Now, assuming your two types definition were equivalent (that is, in absence of the Bot) constructor, what's the purpose of adding an algebraic datatype layer, a new constructor, instead of using a simple type alias ? Well, it has the effect of making your type distinct from the representation type. For example, if you define type 'a stack = Stack of 'a list, 'a stack and 'a list cannot be confused for each other, and the compiler will raise an error if you do. So that can be used to enforce a (light) type separation, with the constructor acting as a type annotation:
let empty = Stack []
let length (Stack li) = List.length li
I'd say it's mostly a matter of taste, but I would recommend using an algebraic datatype instead of an alias when you want to be sure that there can be no mistake with the original type. The downside is that you have to wrap the operations of the original datatype, as I did in my length function above.
Those are not different styles, but different types: the first type declarations are an abbreviation for a specialized instance (for mytype_0) of the polymorphic List, or IntMap.
The second set of definitions present a "constructed" type, for which Bot_1 (and Bot_2) provide values. Those "alternatives" can be used, for example, to create functions of type T -> my_type_1 which return Bot_1 in a special case where the computation doesn't allow to return a list, in a similar way of what an option type permits. This is impossible with the first set of definitions (who must always provide the required list payload).
The second one isn't a "record" (which is a different thing). It creates an algebraic data type. I'm not sure how to explain it but if you've used Haskell or Standard ML you'll know. It's basically a tagged union. A my_type_1 is either a Bot_1 (which carries no data) or a Nb_1 (which carries a my_type_0 IntMap.t as data).
The first one is simply a type synonym (like a typedef in C).

Explicit var type in OCaml

If I have a type t
type t = C of string;;
And want to explicitly define a type of the variable to be type t:
let b : t = C 'MyString';;
Can I do it in OCaml?
You don't need to be explicit
let b = C mystring
let b = C "a string litteral"
You can be explicit, but it dy oesn't add anything
let b : t = C foo
The preferred way in general is to use type inference without annotating types, and only be explicit about the type of the identifiers exported to other modules, through the associated .mli interface file.

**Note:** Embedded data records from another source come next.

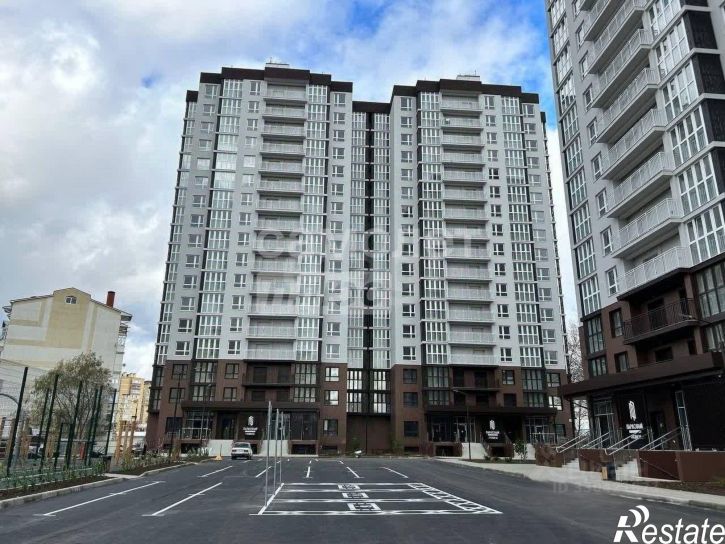 3-комн квартира проспект Победы, 24,  д. 24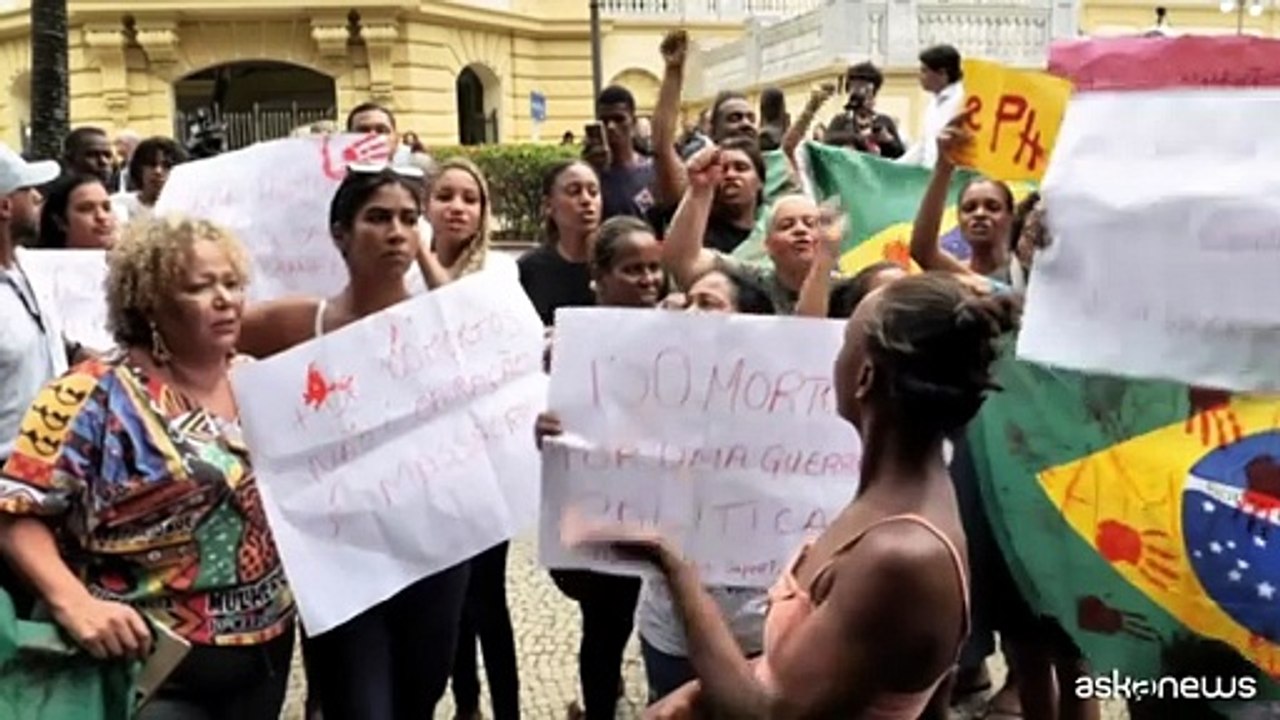 Brasile, la protesta nelle favelas: "E' stato un genocidio"
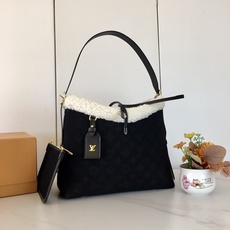最新款M11843,M46203,中古 灵感源自档案馆的复古细节,尤其值得称道的莫过于可脱卸式拉链手包,它既可单独作为一 最新款M11843,M46203,中古 灵感源自档案馆的复古细节,尤其值得称道的莫过于可脱卸式拉链手包,它既可单独作为一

In this case, a type annotation doesn't add anything as the C constructor already is a kind of tag/annotation : C something is necessarily of type t, there is no possible confusion.
You can, using either that syntax, or the alternate one:
let b = (C foo : t)
Adding type constraints in this fashion does not usually serve any purpose in a well-formed program, because the type inference algorithm can handle all of it correctly on its own. There are a few exceptions (mostly involving the object-oriented side), but they're quite rare.
Such annotations are mostly useful when a type error happens and you need to understand why a certain expression has a certain type when you expected it to have another, because you can type-annotate intermediate values to have the type error move up through your source code.
Note that there's another way of annotating types, which is to define a signature for your modules. In your example above, your module body would contain:
let b = C foo
And your module signature would contain :
val b : t
This is especially useful when you need assumptions inside the module to be invisible to other modules. For instance, when using polymorphic variants:
let user_type = `Admin
Here, you only want to handle the administrator account, but you need the rest of your code to be aware that other account types exist, so you would write in the signature that:
val user_type : [`Admin|`Member|`Guest]
This type is technically correct, but could not have been guessed by the type inference algorithm.